C = \frac{Σ_{i = 1}^{n} S_{i} T_{i}}{\sqrt{Σ_{i = 1}^{n} S_{i}^{2}} \sqrt{Σ_{i = 1}^{n} T_{i}^{2}}}

Wherein S and T corresponding two word respectively, i represents the value of the vector i-th row, for every words of original language in conventional data, Its every cosine value of words of original language with data in field is calculated, then all cosine values corresponding to the word carry out summation and take Averagely

P_{I S} = \frac{Σ_{j = 1}^{m} C_{j}}{m}

Wherein C_jThe cosine value of the words and the jth word of data in field is represented, m represents the sentence number of data in field；It is right again Every words of the original language of data carry out identical operation and try to achieve P outside field_OS, it is also carried out same operation for object language and tries to achieve P_ITAnd P_OT；The scoring of final the words is determined by following formula：

P=P_IS-P_OS+P_IT-P_OT,

P in formula_ISRepresent that this belongs to the probability of data in the field in original language direction, P_OSThen represent that the sentence belongs to original language The probability of the field extraneous data in direction, P_ITWith P_OTRepresent respectively this belong in the field in object language direction and field without Close the probability of data.

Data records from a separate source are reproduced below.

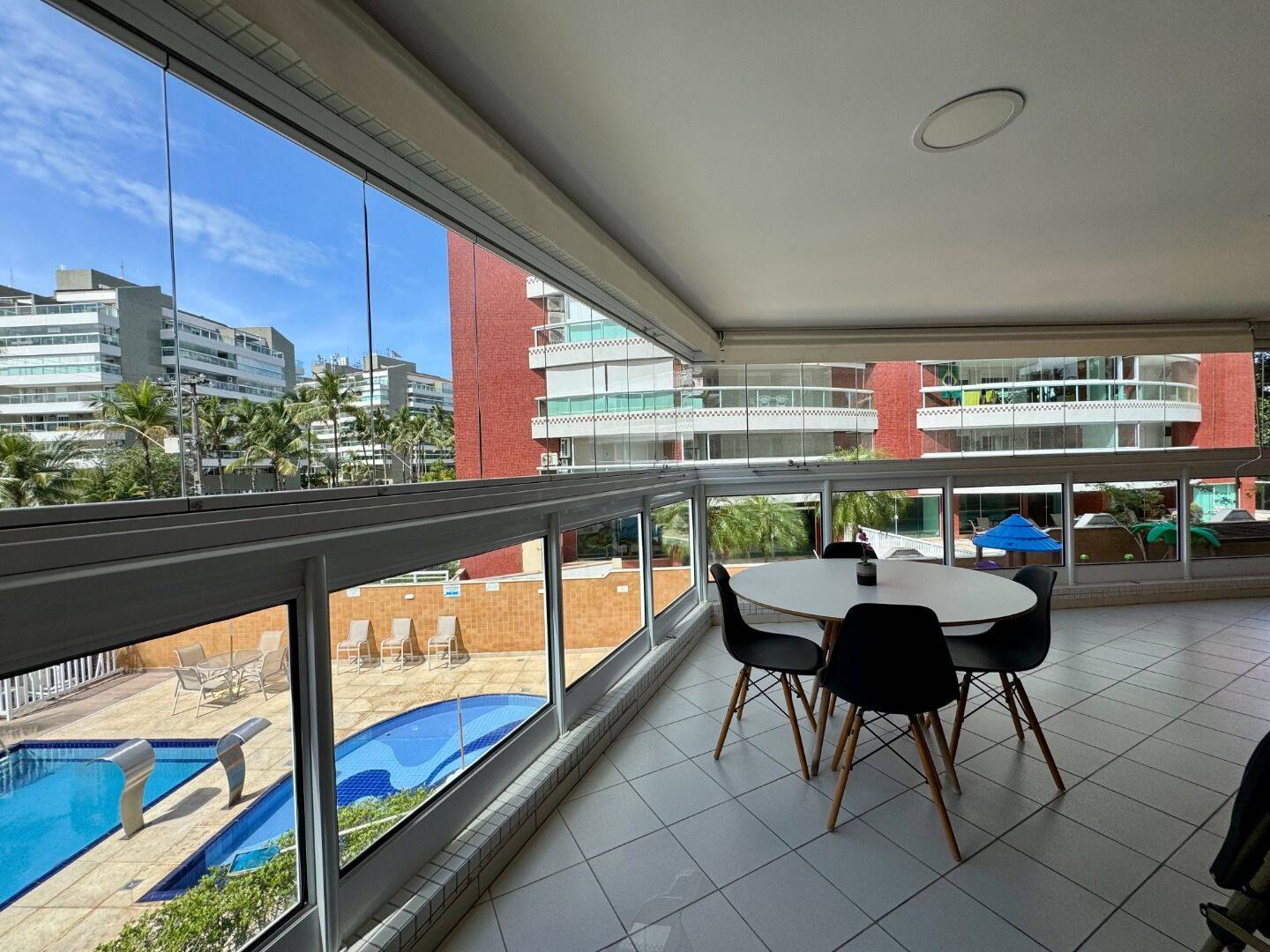 Apartamento, 3 quartos, 106 m² - Foto 1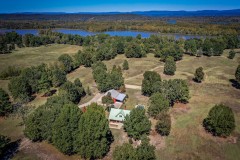 Farm on the Arkansas River for Sale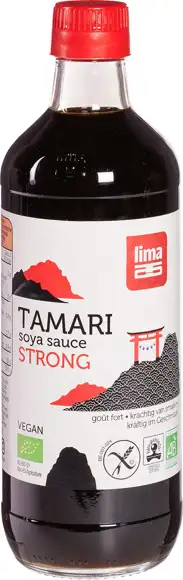 Tamari (strong) 1 l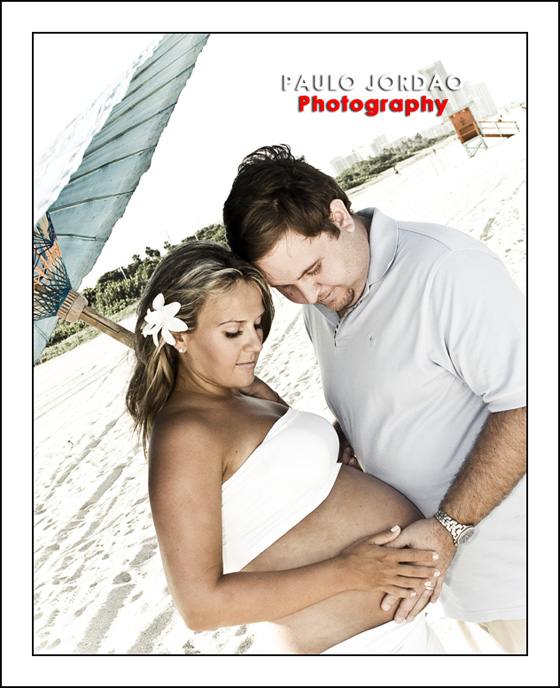Pregnancy Photography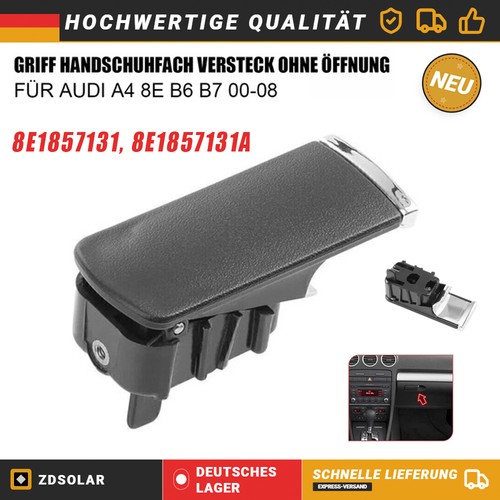 Handschuhfach griff für - handschuhfach,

5. it is as claimed in claim 1 to be based on the method that data selection improves English-Chinese mechanical translation quality, it is characterised in that step In three, conventional data is ranked up using score, the related data of final choice carry out the systematic training of machine translation system, Specifically include：

Select specific data；There is a final scoring for every words inside conventional data after step 2, use cosine Value represent two words apart from when numerical value it is bigger represent two words it is more similar, according to this score to data in so sentence Order to carrying out from high to low is ranked up, and the final data for choosing special ratios are used as final training data；It is described most Whole training data is N words before specific, or the specific percentage of selection data；The data for choosing are final Training data.By extract in training data each to word alignment and corresponding probability obtain translation model, by system Meter object language list language data n units frequency carrys out train language model, and by issuable phrase during phrase extraction Or word reconfigures to train reconstructed models.